◆ RECORDS SUPPLIED

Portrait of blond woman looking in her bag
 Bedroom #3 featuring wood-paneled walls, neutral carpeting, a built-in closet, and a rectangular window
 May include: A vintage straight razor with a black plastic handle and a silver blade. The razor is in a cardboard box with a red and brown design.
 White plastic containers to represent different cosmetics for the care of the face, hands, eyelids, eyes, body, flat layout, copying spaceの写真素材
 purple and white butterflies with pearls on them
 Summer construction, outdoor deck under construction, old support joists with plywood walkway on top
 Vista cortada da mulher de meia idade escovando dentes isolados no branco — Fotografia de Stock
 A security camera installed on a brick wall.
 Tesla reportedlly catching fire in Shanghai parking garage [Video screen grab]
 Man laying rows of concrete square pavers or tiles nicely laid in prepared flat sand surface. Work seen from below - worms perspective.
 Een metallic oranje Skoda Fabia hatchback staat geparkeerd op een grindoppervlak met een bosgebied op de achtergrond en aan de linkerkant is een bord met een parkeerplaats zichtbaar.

◆ EXERCISE GOAL
Write down how many lines of the data above contain the string "with", and include nothing besides that number.

◆ EXERCISE OUTPUT
3